De plus, les scientifiques ont évalué trois scores de risque polygéniques, sans toutefois identifier de différences significatives entre les Seniors cognitivement performants et ceux du groupe témoin. L’absence de variantes génétiques rares offrant une protection chez les SuperAger a également été notée. Les auteurs concluent que le SuperAging ne peut pas être simplement modélisé comme une sorte d’expression inverse du risque d’Alzheimer, suggérant que la prédisposition génétique seule ne peut expliquer la résilience cognitive exceptionnelle de ces individus.
Facteurs sociaux et style de vie en question
Étant donné que les données génétiques ne fournissaient pas d’explications suffisantes, les chercheurs ont tourné leur attention vers des facteurs biologiques, sociaux et comportementaux. Selon les données de l’Université de Chicago, les SuperAger se distinguent souvent par des réseaux sociaux actifs et une satisfaction accrue dans leurs relations interpersonnelles.
Fait intéressant, un mode de vie sain n’est pas systématiquement une condition préalable au SuperAging, car des membres de la communauté étudiée étaient fumeurs. Pour les prochaines recherches, les scientifiques envisagent d’intégrer d’autres paramètres tels que des imageries cérébrales détaillées, des marqueurs sanguins, des profils immunitaires et des schémas de sommeil spécifiques afin de mieux comprendre l’interaction entre biologie et mode de vie.

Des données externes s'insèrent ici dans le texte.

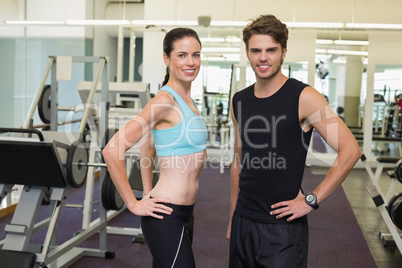 Fit man and woman smiling at camera together Fit man and woman smiling at camera together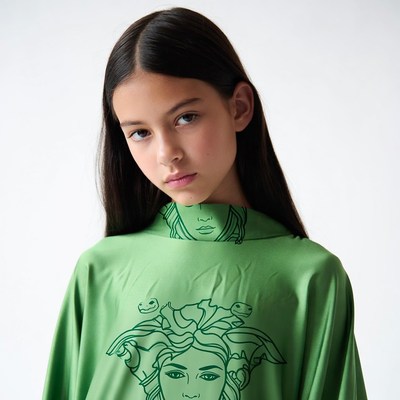 Teen girl in Versace Medusa green shirt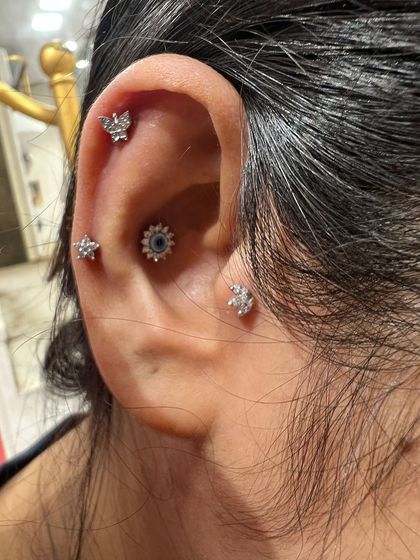 This stack combines multiple piercing types, including a flat helix, conch, and tragus, all adorned with delicate silver studs for a subtle yet full look.
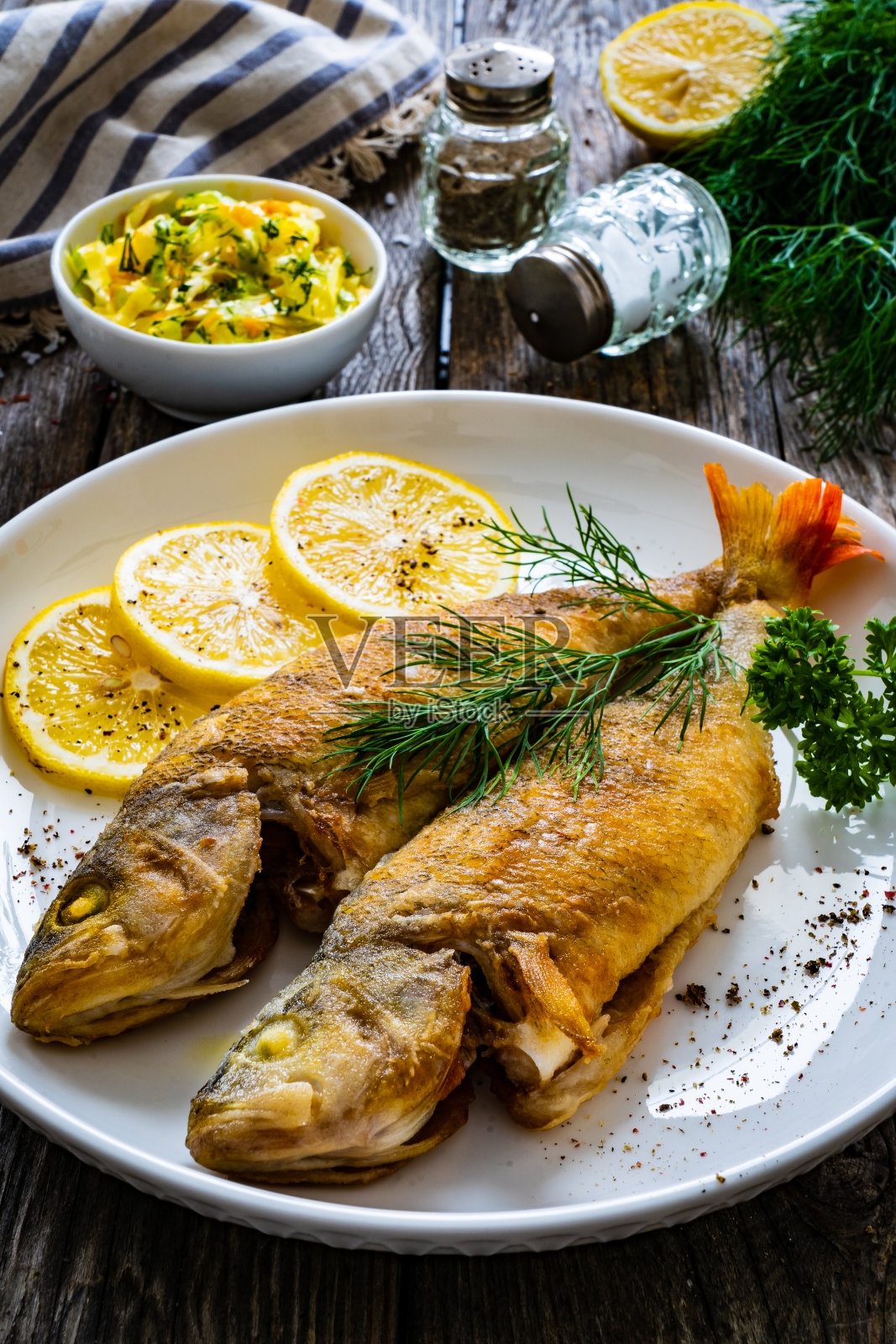 鱼菜——木桌上的柠檬炒鲈鱼照片摄影图片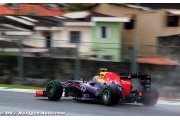 Vettel flies to pole in wet qualifying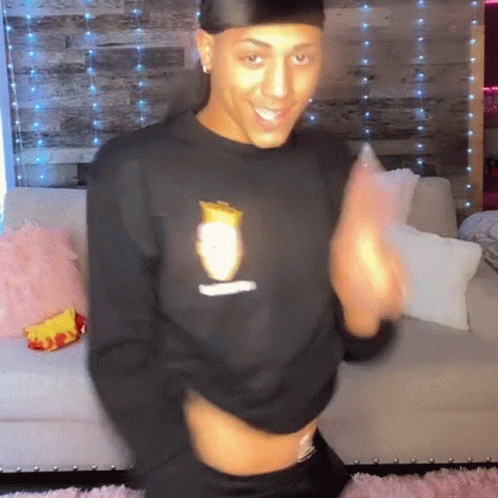 A Man Wearing A Black Sweatshirt With A Picture Of A Man On It Is Dancing On A Couch . GIF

Caractéristiques physiologiques et définitions cognitives
Ces découvertes sont renforcées par des observations à long terme du programme SuperAging de Northwestern. Une étude approfondie, menée sur 25 ans et évoquée fin juillet 2026 dans « Alzheimer’s & Dementia », a porté sur 290 participants, révélant des différences physiologiques notables. Les SuperAger ont montré une diminution de l’épaisseur du cortex deux fois moins rapide que le groupe témoin, avec une épaisseur accrue du cortex cingulaire antérieur.

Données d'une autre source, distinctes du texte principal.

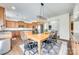 Bright kitchen and dining area with hardwood floors, island, stainless appliances, and pendant lighting at 10123 Barrands Ln, Charlotte, NC 28278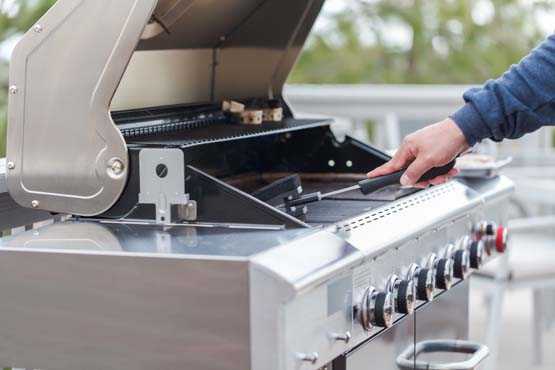 Person scrubbing grill with brush. 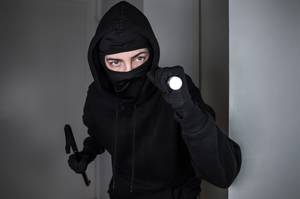 Maskierter Einbrecher dringt mit Taschenlampe und Brecheisen in Wohnung ein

À un niveau cellulaire, les chercheurs de l’Université Northwestern ont identifié un nombre relativement élevé de neurones de Von Economo et une densité réduite de microglies, ce qui pourrait indiquer une neuroinflammation moins élevée. En termes de personnalité, les SuperAger présentent également une extraversion plus marquée.
La définition du statut de SuperAger dans ces études est très précise. Lors d’un test de mémoire standardisé, les participants doivent rappeler au moins 9 mots sur 15 après un délai, un score correspondant à celui de jeunes adultes, servant de référence pour évaluer une résilience cognitive exceptionnelle en vieillissant.
Points à retenir
- La force cognitive des SuperAger semble moins influencée par des facteurs génétiques que prévu.
- Les interactions sociales jouent un rôle clé dans le maintien de la santé cognitive.
- Un mode de vie sain n’est pas une condition sine qua non pour être un SuperAger.
- Les recherches futures pourraient inclure des analyses plus approfondies de la biologie et du comportement.
- Les caractéristiques physiologiques révèlent des différences structurelles significatives dans le cerveau des SuperAger.
En prenant en compte ces éléments, il est fascinant de réfléchir à ce qui constitue véritablement une vie cognitive réussie à un âge avancé. Cela soulève des questions non seulement sur notre héritage génétique, mais aussi sur l’impact de notre environnement et de nos relations. En tant que passionné des sciences cognitives, je m’interroge : jusqu’où pourrait-on aller en développant des modes de vie qui favorisent cette exceptionnelle résilience ? C’est une avenue d’exploration qui mérite toute notre attention.